第329話 死んでました
ここ数日、完全に死んでました。完全に闇に呑まれてました。
リアルで色々ありまして、分かったこととしては、他人と自分を比べても仕方ないな、ということ。
あまりこういうことを書いても仕方ありませんが、僕が育った環境は、どうやらすごく歪んでいたらしい、と最近、よく感じる。
常に何かと比較されて、良いことと悪いことが、僕の中の感覚や感性、価値観を無視して、全部、親が決めていた。救いがないのが、親が言ってることが正しい、と僕が真剣に思っていたことで、自分が大人になってみると、親が言ってることが極端な理想だと分かってしまう。
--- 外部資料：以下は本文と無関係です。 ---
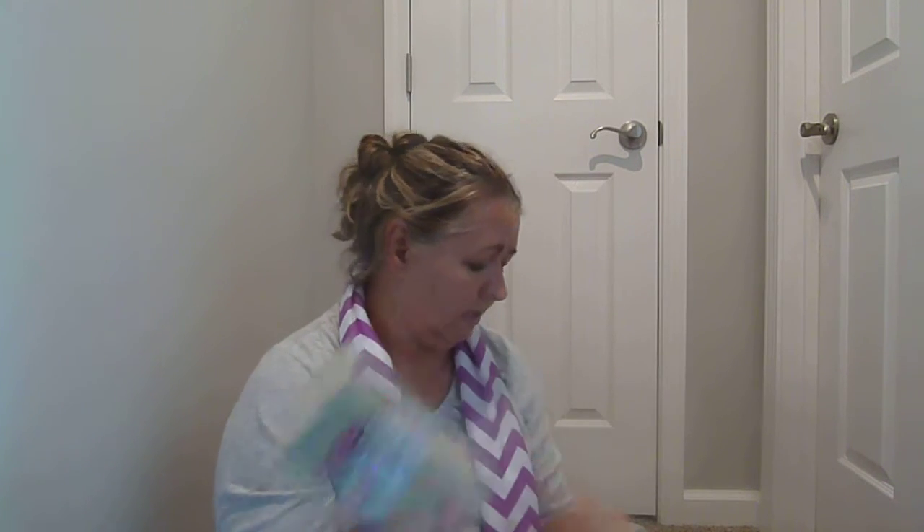I also bought some dry foam to make my arrangements. I like to always keep these on hand because sometimes my husband surprises me with a bouquet of flowers and I can make a fresh arrangement, and I also use this for my silk arrangements as well. Just because it's a dollar and you can use it for so much.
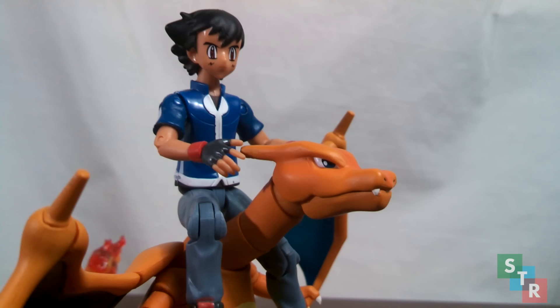Hello collectors and welcome to my review of the Ash and Pikachu 20th Anniversary San Diego Comic-Con set. Released as an SDCC exclusive, this figure is also available at GameStop, the UK retailer Game, and potentially other retailers. So don't pay aftermarket prices like $45 on eBay.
自分らしく、という表現があるけど、これがある種の傲慢から来る言葉だとしても、僕らしさ、というものはなかったし、今もよく分からない。他人に求められる自分でいる、というような表現もありそうだけど、僕は求められなければ存在価値がない、と思っていた。
けど、親の期待に応えようと必死になったり、失敗して見放されたりしていれば、何かが間違っていたのは確実で、これはどうやら「主体」の喪失らしい、と分かる。
僕が幸運だったのはラジオに出会えたことで、ラジオ番組は誰でも受け入れるし、参加しようと思えば誰でも参加できる、つまり、僕が決めて、僕が行動する場所になった。誰も「この番組を聞きなさい」とは言わないし、「週にこれだけのメールを読まれなさい」とも言わない。お前は悪いリスナーだ、なんて言われることもありえない。僕は聞きたい番組を聞けるし、送りたいメールを送れる。ここには完全なる「主体」しかない。
物語を書くこともやっぱりそうで、設定を押し付けられたり、プロットを押し付けられたり、文体を強制されたりすることはない。まったくな自由、何のしがらみもない世界がここにもある。
最近は結構、人権みたいなものが確認されている動きが社会的にあるけど、僕はどうやら「自由」が好きな人間らしい。集団行動は苦手で、あまり人と関わりたいようでもない。それなら一人きりで、やりたいことをやっていたい。もちろん、社会の中における自由、というものがあるのは理解できるけど、僕はその枠組みもやや煩わしい。小さな社会である家庭のようなものも煩わしく感じるのが、やはり育った環境の歪みを感じさせるところ。家庭に自由はない、という前提が動かしがたく、明確にある。
なので、僕としてはできる限り縛られずにいるのが楽だし、そこに他人の存在があったとしても、比べるのはそっくりそのまま自分の不足と欠陥の明確化になるので、薄目で見て、そっと離れるのが最適らしい。
「ドラえもん」の中で世界にのび太一人になるスイッチが登場する回があるらしいけど、僕は意外に本気で、真剣に押しちゃうかもな。いや、元ネタをあまり知らないのですが。